Senior Manager - AI Safety and Evaluation Engineering
Abu Dhabi Commercial Bank View all jobs
- Abu Dhabi
- Permanent
- Full-time
- To design, implement, and scale out technical measures to ensure the reliability, safety, and security of the bank's AI solutions, including rigorous evaluation frameworks for both predictive ML and Generative AI and standardized monitoring protocols, while serving as the technical liaison to second-line risk functions to ensure AI deployments meet the bank's risk and compliance standards, Awareness of AI Governance, AI Ethics, and Responsible AI principles is required, with a primary focus on technical practitioner responsibilities.
- Methodology Design: Define standardized evaluation rubrics and scoring systems for AI system performance, reliability, safety and safety. Tailor for different GenAI system archetypes (e.g., Conversational AI, RAG and variants, agents and agentic workflows, AI-enabled data access)

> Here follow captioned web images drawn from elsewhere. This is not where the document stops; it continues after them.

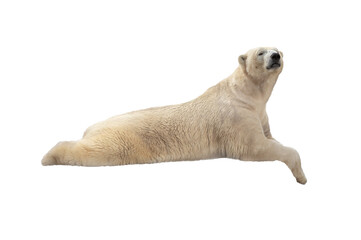 Polar Bear Lies Isolated Transparent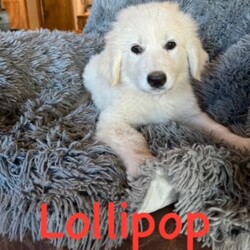 Adopt a dog:me/Great Pyrenees/Male/Baby,Introducing the HALLOWEEN Litter:

Meet MILKY WAY, CANDY CORN, SNICKERS (3 boys) AND LOLLIPOP (only girl)!

They are Great Pyrenees x Lab pups we have in our Rescue - they were born 20 August and are staying at a wonderful foster home in Houston. They  are well socialized and will continue to get lots of attention from their foster family. They were around 12lbs at 9 weeks but will grow to be 75-85lbs.

They are sweet, cuddly pups! They love to play with all people and each other. 

They are up to date on their baby vaccinations and microchipped.
Candy is very sweet, plays well with others but doesn't mind napping alone.
Milky Way is a smaller guy, extremely social, loves pets and gives kisses.
Snickers is the largest pup, more independent but plays well with others, galloping goofball.
Lollipop is a SWEET SWEET girl, likes her quiet time but also loves to romp and run.

The puppy must be neutered/spayed before he/she is 1 year old - once this is done by your vet, Twilight Tails will give you a rebate of $100.

They are being fostered in Fulshear TX but we can have them brought to PA on rescue transport (once adopted) which brings dogs up once a month.

Each adoption fee is $395 plus $30 for a health certificate and $220 for transport.

Please complete the application on this link:
https://forms.gle/iCDkiVT5FwJYhezn8

Or email ular.sandra@gmail.com for an application.

Once your application is approved, we can arrange a FaceTime session for you to meet him.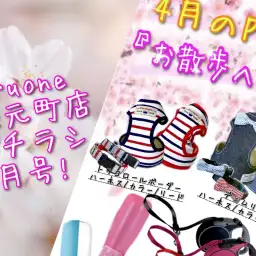 【 商品レビュー 】横浜元町店WEBチラシ4月号!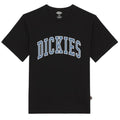 Dickies Aitkin T-shirt Zwart
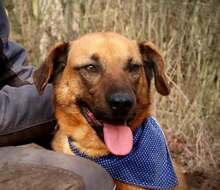 LUXOR, Hund, Mischlingshund in Slowakische Republik - Bild 9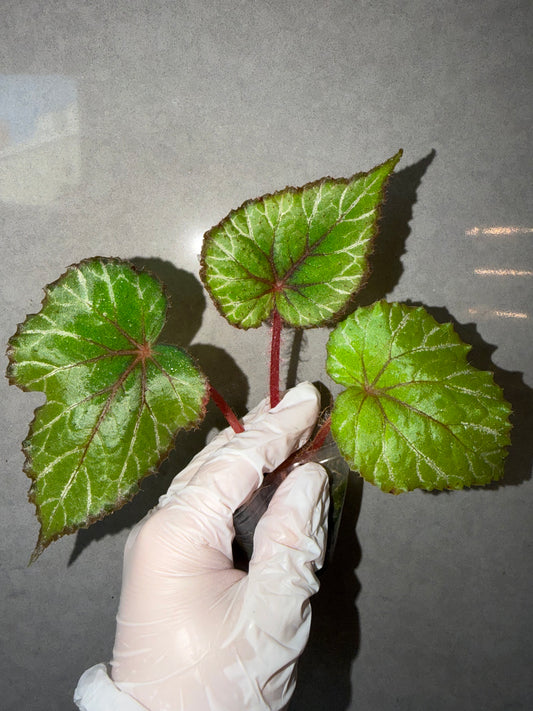 🌿Begonia 'Miss Louisiana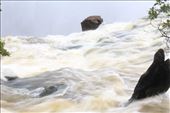 Victoria Falls from Zambia side: by tiltingwindmills, Views[564]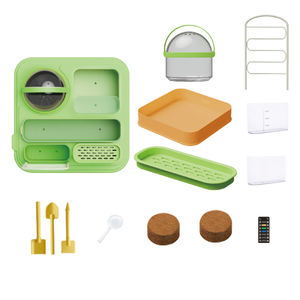 नवीनता के साथ बच्चों के इनडोर बीज प्रजनन दर्शक प्लास्टिक शैक्षिक संयंत्र बढ़ते अवलोकन किट कीट कंटेनर - Product Image 2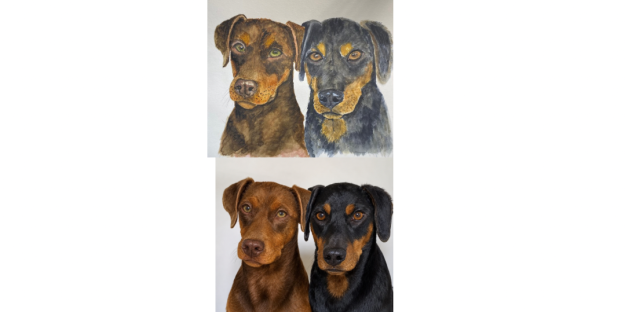 Acuarela de Mascota 40x50 (2 rostros)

- Test Cases: Design comprehensive test cases covering deterministic logic, probabilistic outputs, and edge-case scenarios. This should include both benign as well as adversarial scenarios
- Explainability & Fairness: Implement XAI techniques (e.g., Shapley Values, Integrated Gradients) and unfair bias detection metrics to ensure model transparency and regulatory compliance - e.g., in lending and fraud
- Embedding into MLOps platform: work with MLOps platform product and engineering leaders to embed above as automated capabilities
- Integrated Observability Architecture: Partner with MLOps/ LLMOps teams to design and embed telemetry pipelines that capture inputs, outputs, and embeddings, ensuring real-time visibility into model health while maintaining strict PII and data privacy standards.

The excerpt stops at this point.